- Image-text web data
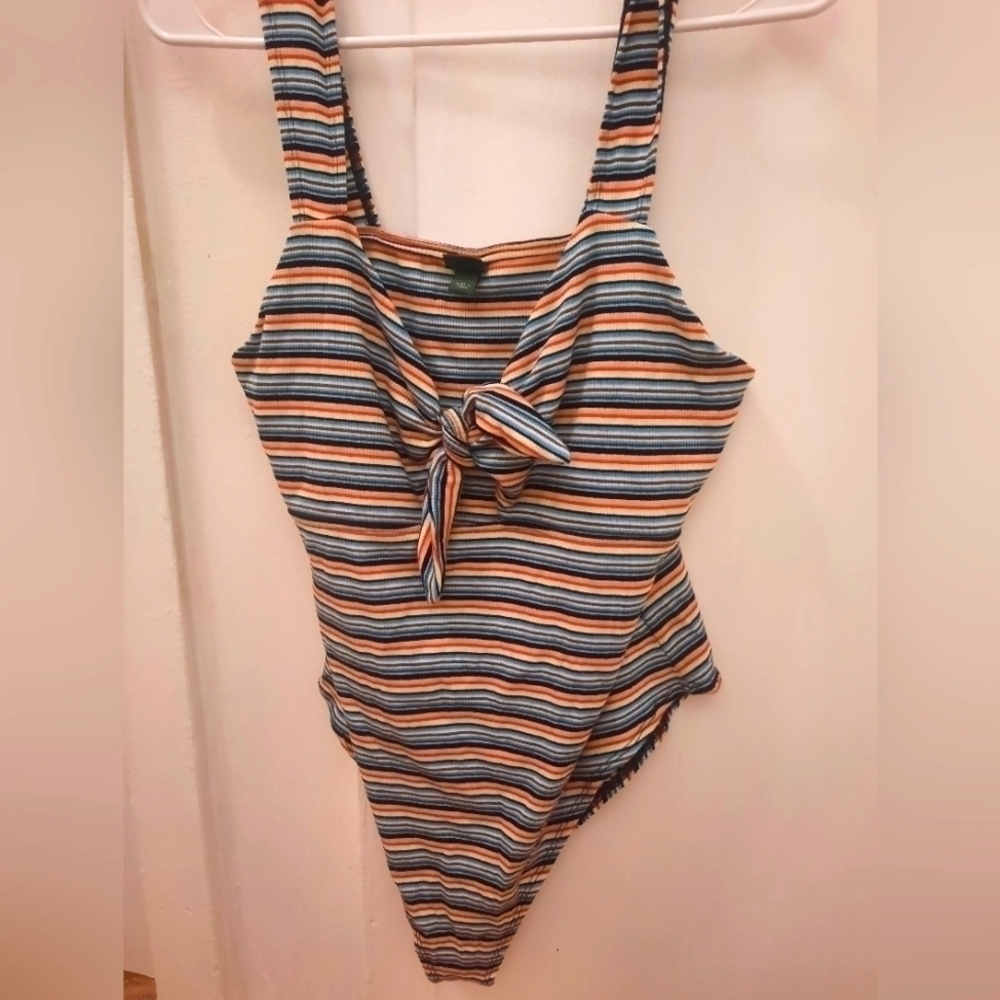 Striped tie front bodysuit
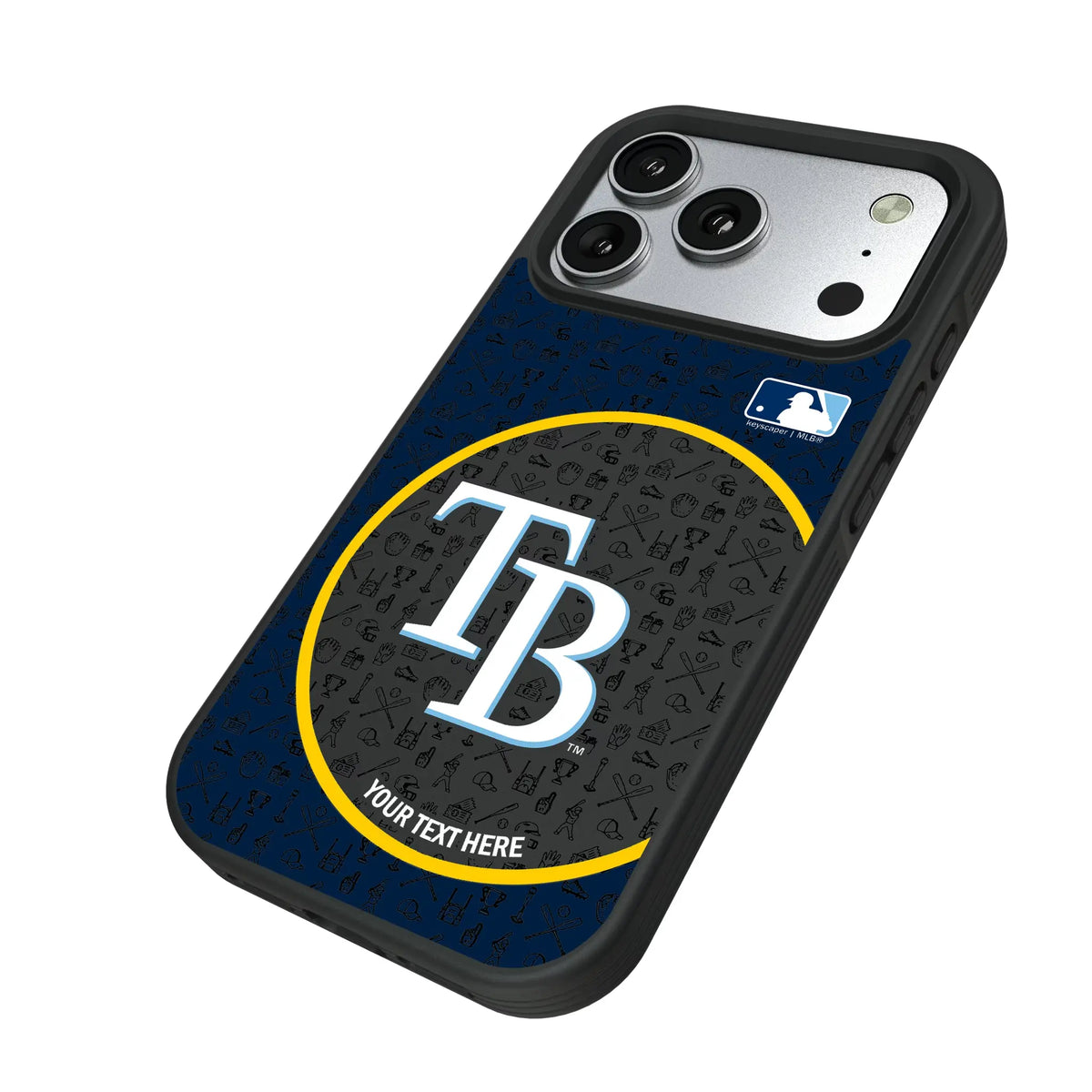 Tampa Bay Rays Personalized Circle iPhone Bump Phone Case for Apple iPhone - Isometric View#Device_iPhone 17 Pro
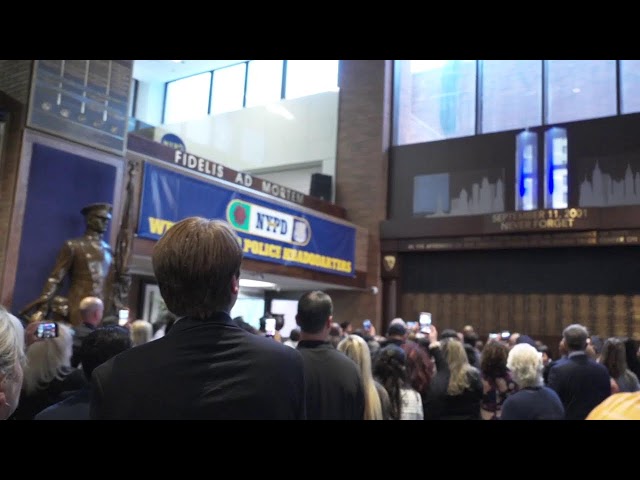 The NYPD unveils the September 11th Memorial Wall at One Police Plaza.
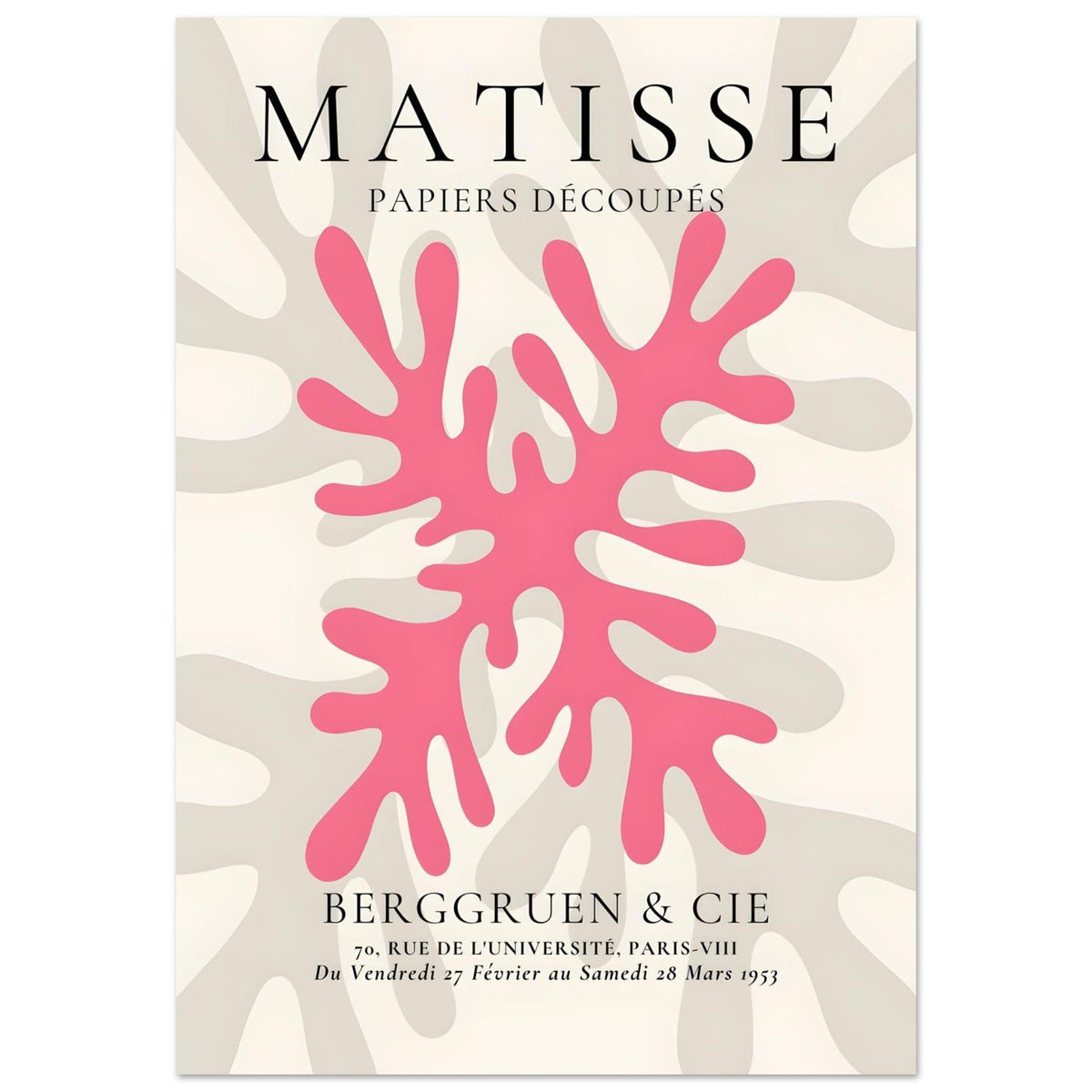 Artfulprints Poster Matisse – Pink coral  - 70x100 cm - Roze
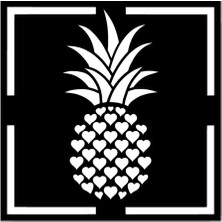 Kalpli Ananas Çerçeve - Araç, Oto, Laptop, Duvar Uyumlu Sticker 10*10 cm
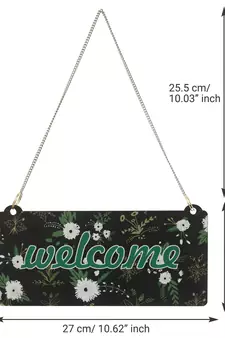 eCraftIndia Wooden Floral Look Multicolor "Welcome" Decorative Wall Hanging with Chain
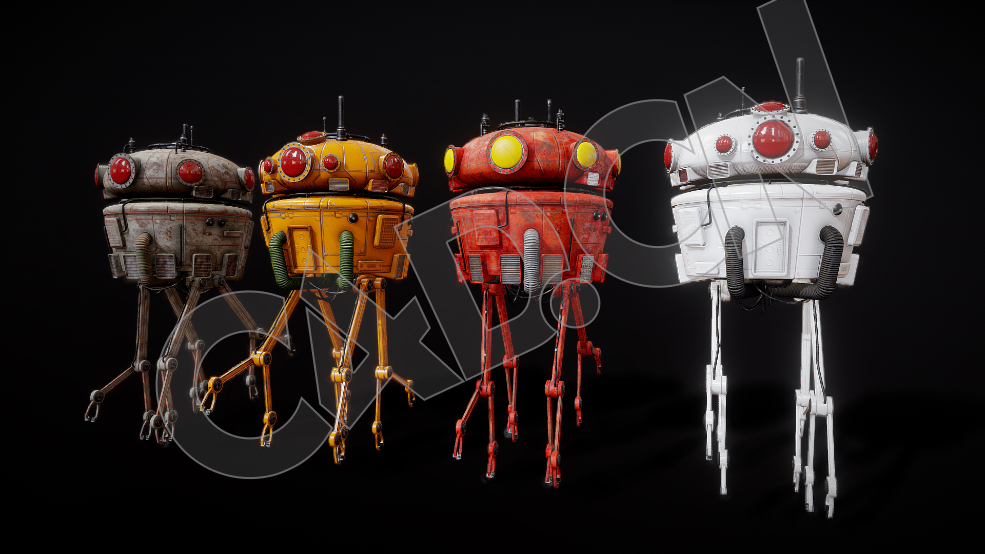 四款收集器科幻机器人C4D模型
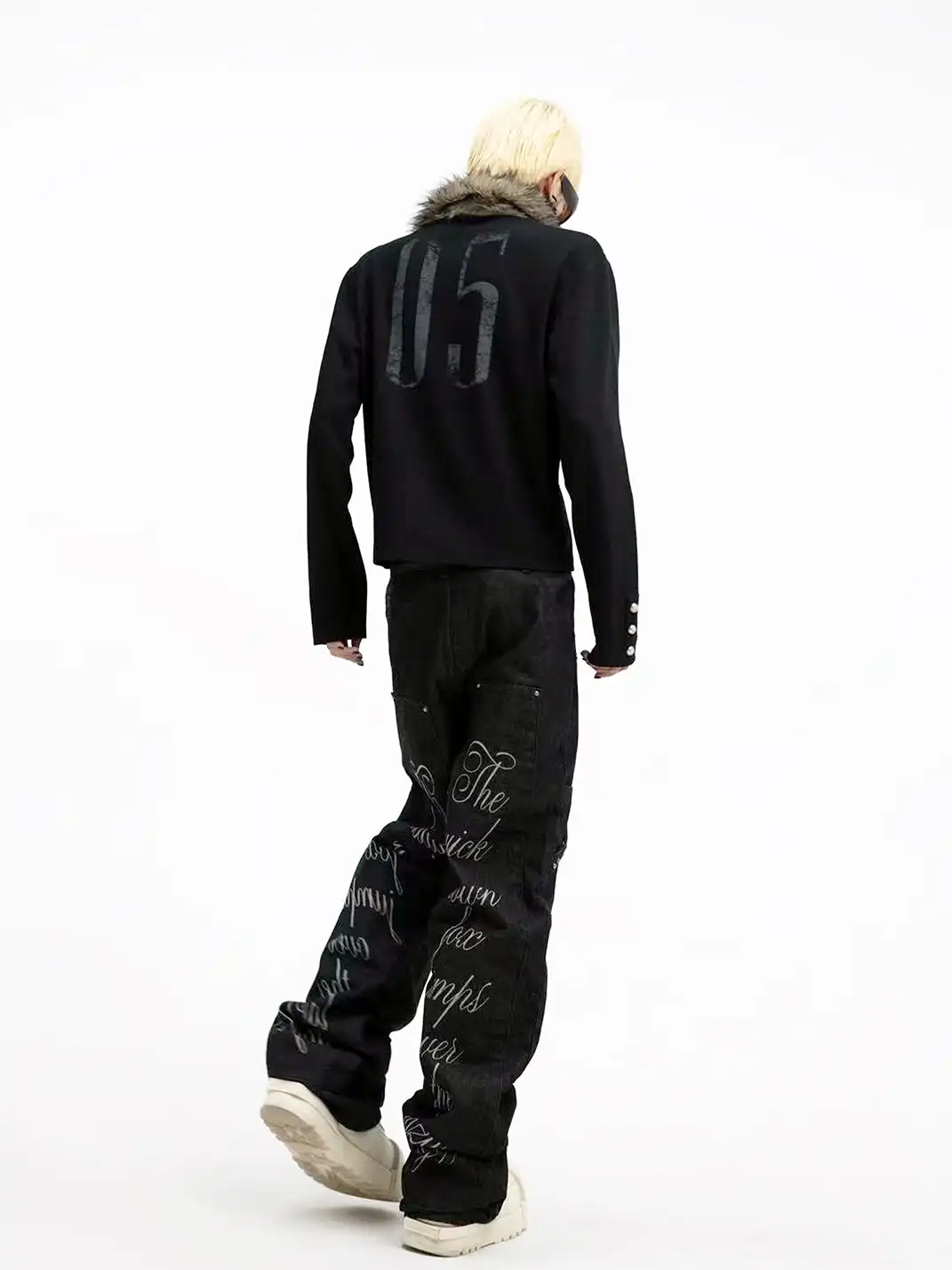DETW | Fur-Collar Long-Sleeved Polo Shirt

- Work required
Please output only the lines running from the one that holds "The NYPD unveils" through the last line of the entries, both ends included, without any images.

- Result for this task
 The NYPD unveils the September 11th Memorial Wall at One Police Plaza.
 Artfulprints Poster Matisse – Pink coral  - 70x100 cm - Roze
 Kalpli Ananas Çerçeve - Araç, Oto, Laptop, Duvar Uyumlu Sticker 10*10 cm
 eCraftIndia Wooden Floral Look Multicolor "Welcome" Decorative Wall Hanging with Chain
 四款收集器科幻机器人C4D模型
DETW | Fur-Collar Long-Sleeved Polo Shirt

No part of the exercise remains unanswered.